==== DATA SECTION ====

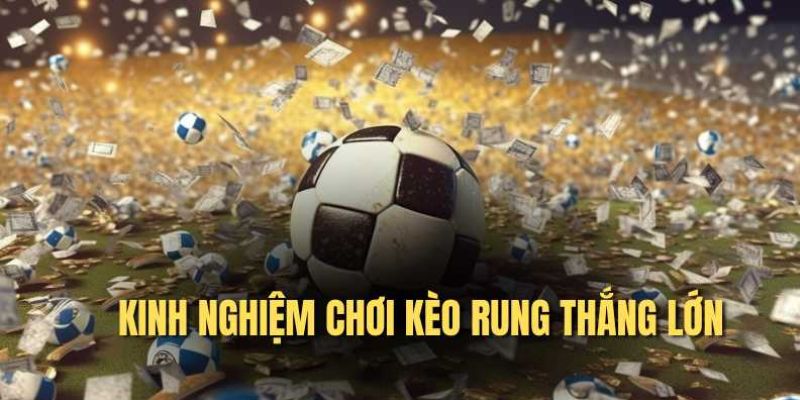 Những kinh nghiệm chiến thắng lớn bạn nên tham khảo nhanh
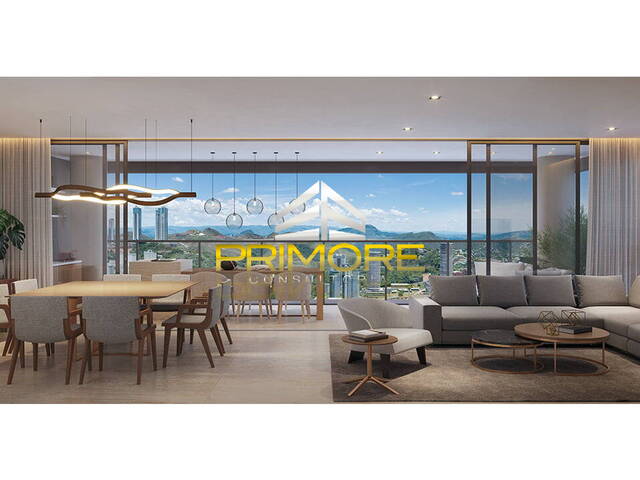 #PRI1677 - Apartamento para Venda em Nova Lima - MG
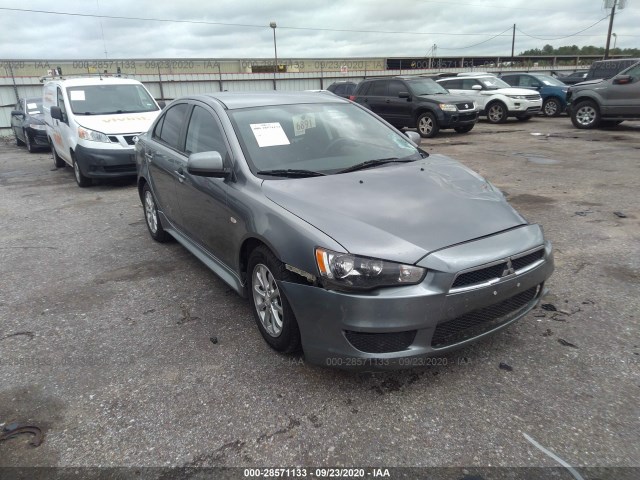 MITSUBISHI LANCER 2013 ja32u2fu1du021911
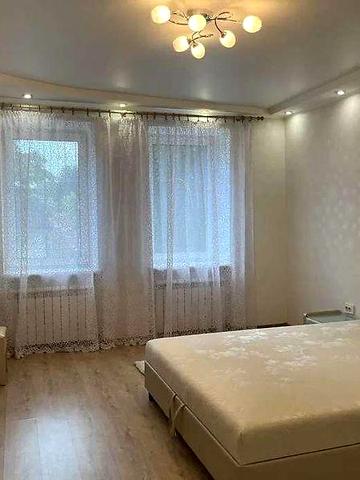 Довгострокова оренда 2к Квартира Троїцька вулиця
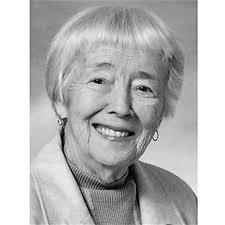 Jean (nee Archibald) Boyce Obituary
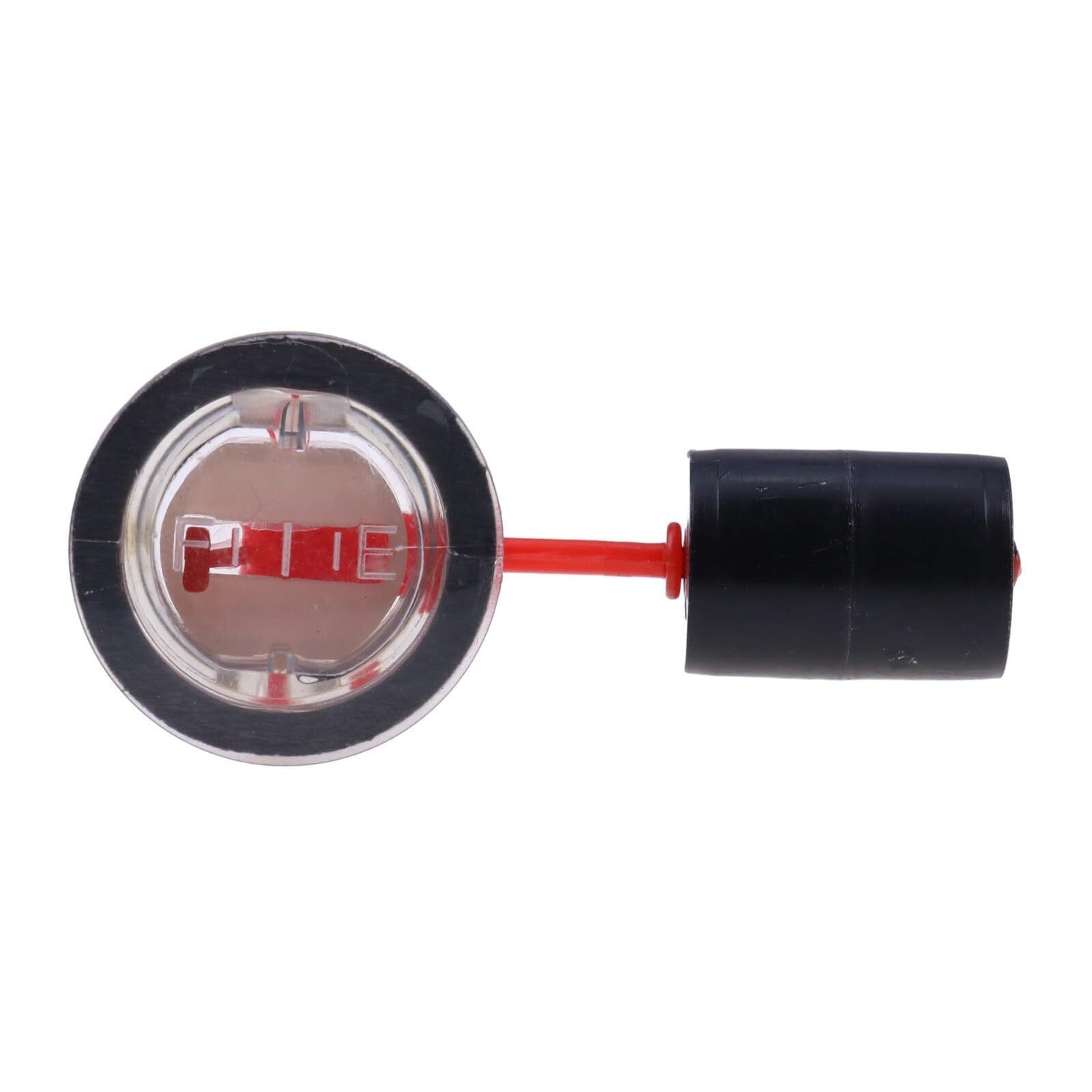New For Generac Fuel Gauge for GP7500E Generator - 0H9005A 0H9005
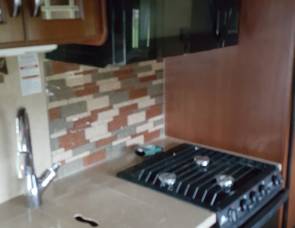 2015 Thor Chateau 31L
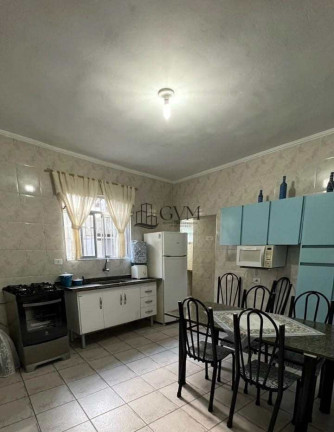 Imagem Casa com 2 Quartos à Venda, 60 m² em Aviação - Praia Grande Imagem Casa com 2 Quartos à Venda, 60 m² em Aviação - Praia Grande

====
==== DATA SECTION ====

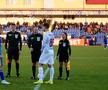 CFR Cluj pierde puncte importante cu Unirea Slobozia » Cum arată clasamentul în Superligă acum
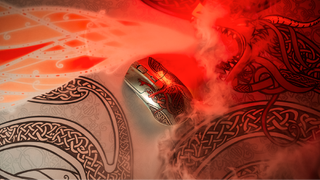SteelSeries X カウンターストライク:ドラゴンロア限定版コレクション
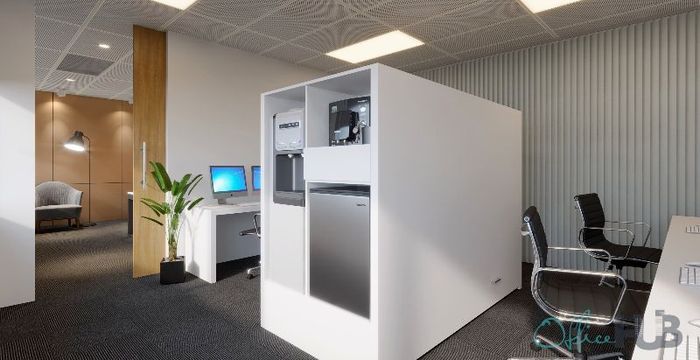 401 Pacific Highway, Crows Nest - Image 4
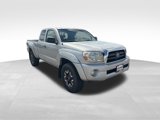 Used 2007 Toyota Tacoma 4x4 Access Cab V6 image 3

====

**WHAT THE TASK REQUIRES**
How would the lines above read from the one with "Những kinh nghiệm" to the one with "Praia Grande Imagem", inclusive, with no pictures? Write them out exactly.

**SOLUTION FOR THIS PROBLEM**
 Những kinh nghiệm chiến thắng lớn bạn nên tham khảo nhanh
 #PRI1677 - Apartamento para Venda em Nova Lima - MG
 MITSUBISHI LANCER 2013 ja32u2fu1du021911
 Довгострокова оренда 2к Квартира Троїцька вулиця
 Jean (nee Archibald) Boyce Obituary
New For Generac Fuel Gauge for GP7500E Generator - 0H9005A 0H9005
 2015 Thor Chateau 31L
 Imagem Casa com 2 Quartos à Venda, 60 m² em Aviação - Praia Grande Imagem Casa com 2 Quartos à Venda, 60 m² em Aviação - Praia Grande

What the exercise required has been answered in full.